The Complex Line (CL) scenario combines the challenges of multiple previously explored problems into a unified setting. In this setting, components and workers must be allocated across a series of k sequential assembly stations. As in the Waiting Time (WT) scenario, an assembly condition must be maintained: if a component waits too long before being processed, it becomes invalid. In addition, the control problem includes aspects from Part Distribution (PD).

What is optimized?

In CL, the agent must learn a coordinated policy to:

Distribute components to multiple sequential assembly stations.
Allocate workers across these stations to balance workloads and maintain throughput.
Ensure the assembly condition (T_AC) is satisfied to avoid scrap by control the waiting time of the source.

The complexity arises because these tasks are interdependent: an aggressive part distribution policy can overload buffers, causing components to expire before use; on the other hand, slow part distribution delays assembly and reduces output. Similarly, suboptimal worker allocation causes bottlenecks or idle stations.

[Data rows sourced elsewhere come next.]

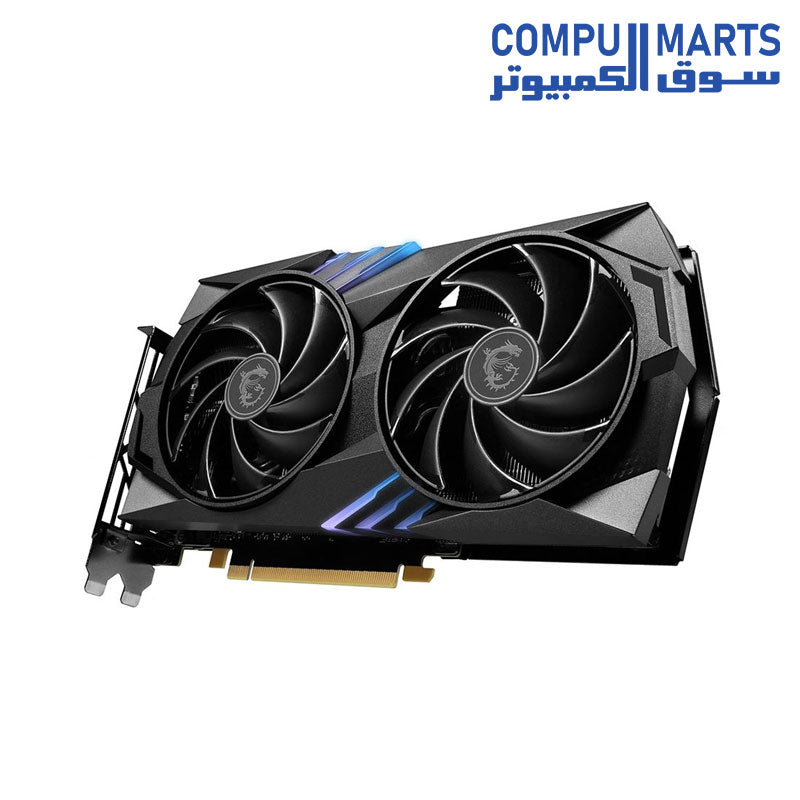 RTX-4060-Ti-Graphics-Card-MSI-8GB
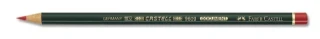 Faber Castell Kopya Kalemi Kırmızı 9609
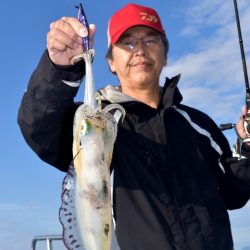 渡船屋たにぐち 釣果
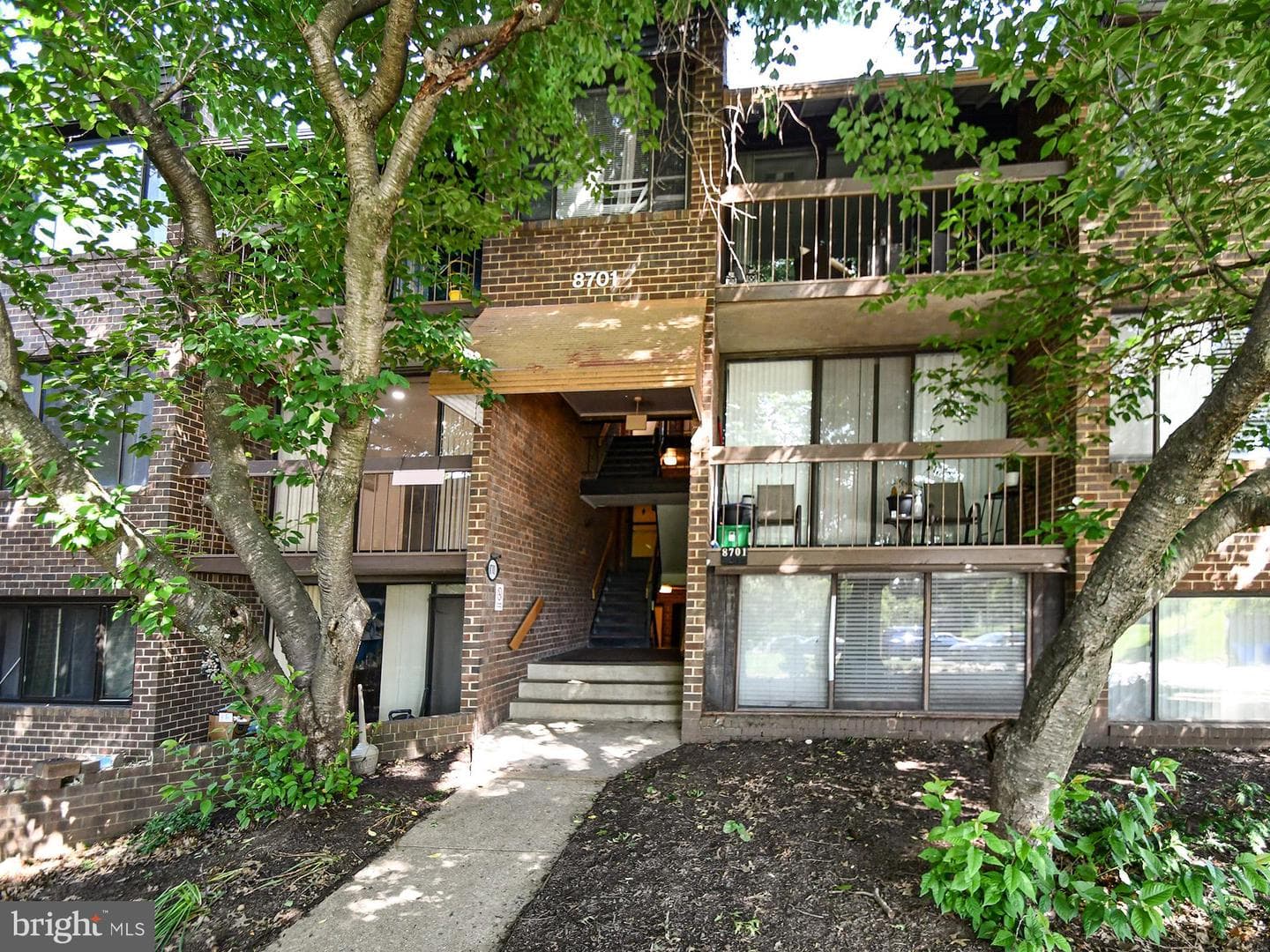 8701 Hayshed Lane #21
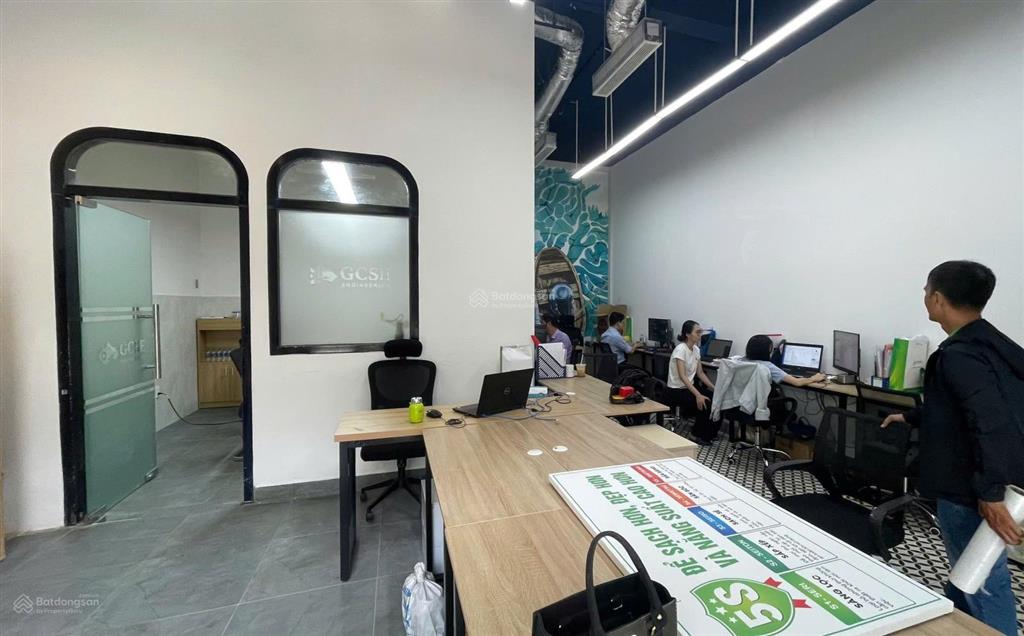 Cho thuê shophouse homyland riverside q2, 52m2 vị trí đẹp giá tl chính chủ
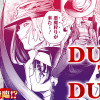 DUST TO DUST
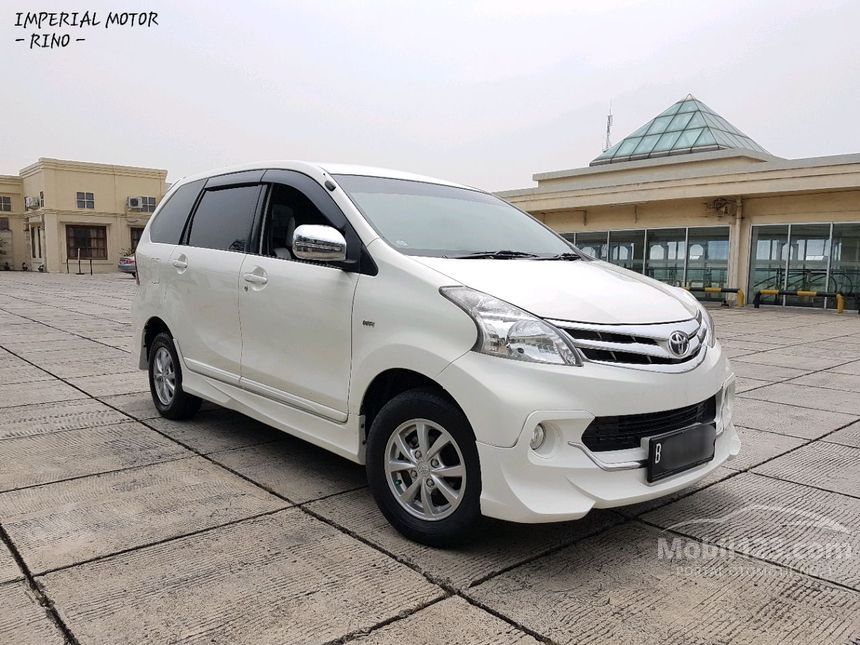 Avanza 2015 G M1nu1l Jkt: Review Mendalam dan Panduan Pembelian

A well-performing policy must dynamically balance these decisions to ensure a high throughput while minimizing scrap due to expired components.

Optimization using Lineflow

We used Lineflow to develop and evaluate adaptive control policies for the CL scenario. RecurrentPPO performed best in this setting, achieving an average reward of over 540. As shown in the figure below, we increased the scrap factor over the course of the training.

CL Scores

In comparison, our self implemented heuristic reached a score of 254. It uses a fixed worker allocation. The parts are distributed with a prioritization of the most empty and later buffers. The workers are distributed equally.